La missione di Cavà-Memba, Mozambico

“La presenza dei militari ricorda la guerra e incute timore tra la popolazione. Oltre al clima di repressione e violenza c’è il coprifuoco alle 9 di sera. Ogni giorno ci giunge un bollettino di guerra. Gente picchiata o portata in carcere solo perché girava per strada dopo il tramonto. La gente è stanca e arrabbiata. Due giorni fa un militare è stato linciato dalla folla ed ora è in gravi condizioni”. A raccontare al Sir la difficile situazione nella sua zona in Mozambico è don Silvano Daldosso, fidei donum della diocesi di Verona, alla guida della missione di Cavà-Memba nella diocesi di Nacala, vicina alla provincia di Cabo Delgado, dove è in corso un durissimo conflitto dal 2017. Oggi anche la popolazione della diocesi di Nacala, dopo aver accolto decine di migliaia di sfollati, si trova a vivere in un clima molto teso, dovuto alla presenza a Memba di 300 militari dell’esercito mozambicano in assetto anti-terrorismo, arrivati alcune settimane fa. “A Cabo Delgado sono intervenuti i militari del Ruanda creando lo sparpagliamento dei terroristi in altre provincie – spiega il missionario -. La settimana scorsa sono stati registrati vari attacchi ai villaggi della provincia di Niassa.

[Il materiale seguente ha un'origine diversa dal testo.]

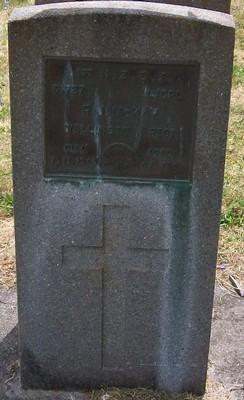 Picture of TARUHERU cemetery, block S, plot 158.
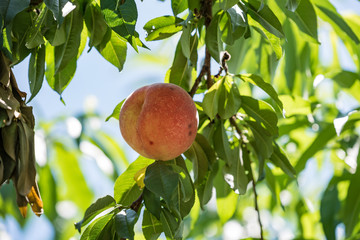 樹上の桃の実
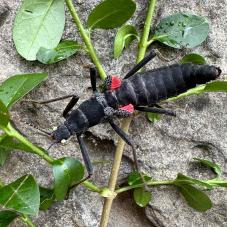 Black Beauty Stick Insect (Peruphasma schultei)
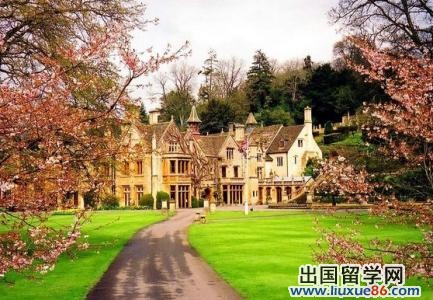 中国学生赴华威大学申请成绩要求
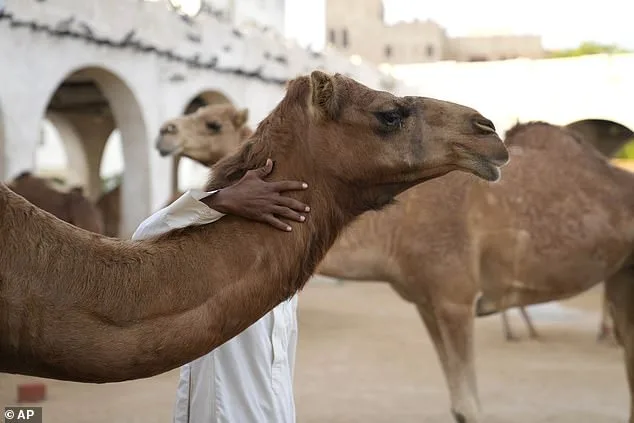 Shocking Scandal: 20 Camels Disqualified Over Banned Cosmetic Procedures in Oman's Camel Beauty Pageants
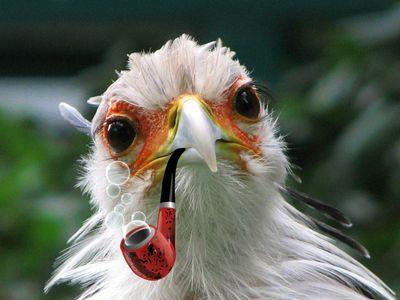 Piulo a totes hores sense quedar-me afònic.
Català i de pluma caduca.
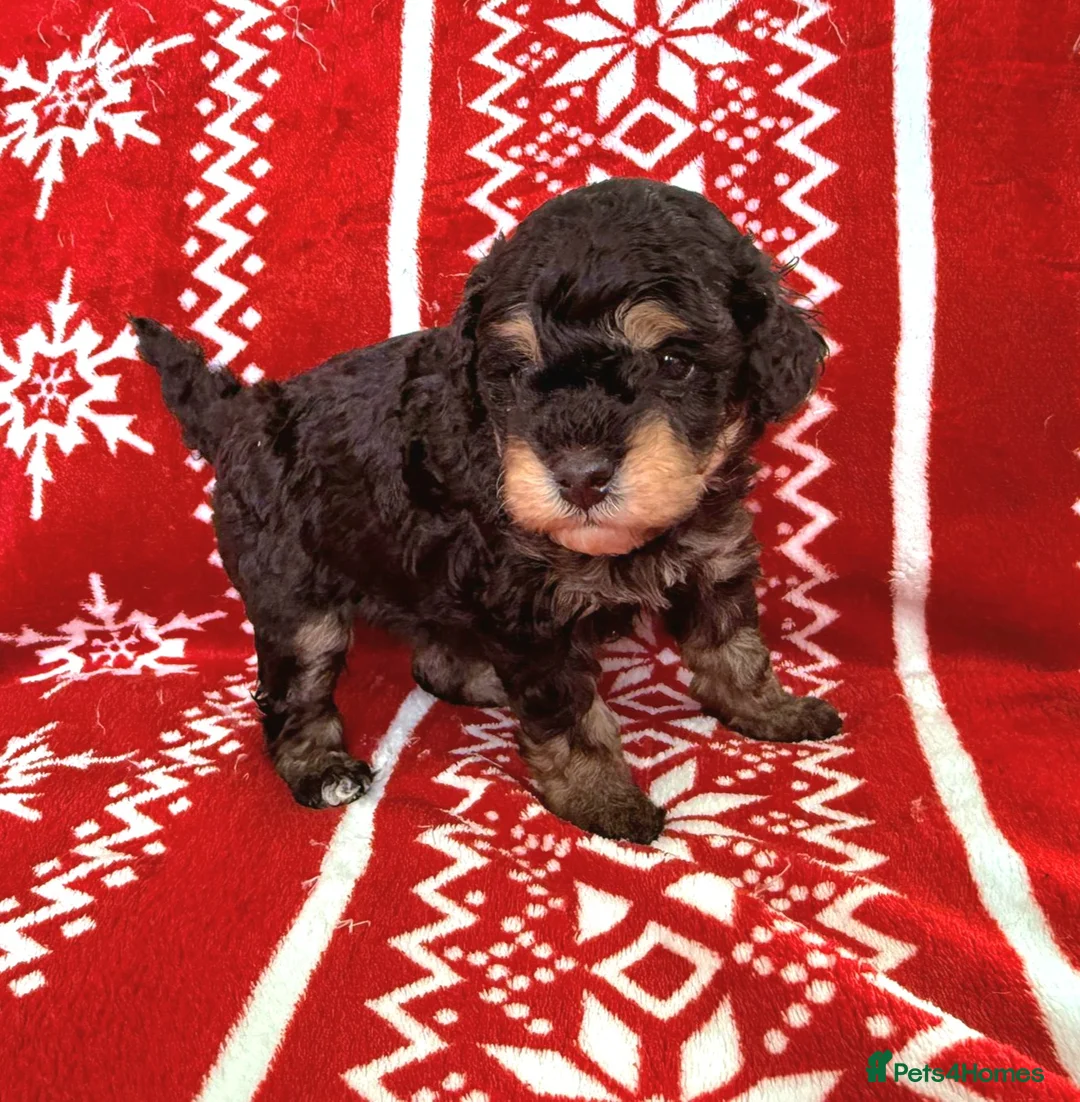 Toy Poodle dogs for sale: Beautiful Phantom Toy Poodle's!🧸😍 KC registered - Advert 1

Il governo ha distribuito questi contingenti militari nei distretti più a rischio sulla costa. Purtroppo questa presenza non è una sicurezza per noi, ma un motivo per altri soprusi e abusi”. Oltre alla paura che il terrorismo arrivi anche nel distretto di Cavà-Memba, prosegue, “non c’è un bel clima perché i militari girano armati tra la gente e portano le persone in caserma semplicemente perché li trovano a spasso o seduti in veranda a prendere il fresco”. A Natale nella missione si è celebrata la messa con l’altare pieno di pissidi con le ostie da consacrare per portarle alle 47 comunità cristiane più remote. “Il 24 mattina presto ogni responsabile di comunità è venuto a piedi da lontano sudato, affamato, ma sorridente per il grande onore di trasportare Gesù fino alla sua comunità per la celebrazione della vigilia e del giorno di Natale – ricorda don Silvano -. La mia gente è il miglior ostensorio che potesse trovare. Qualcuno per tornare a casa guaderà qualche fiume, passerà tra la savana, si fermerà all’ombra di qualche mango a riposare, magari per strada visiterà dei familiari ammalati: sarà un bel viaggio in mezzo all’umanità per Gesù senza baldacchini, tappeti rossi e cerimonieri a segnare la strada!”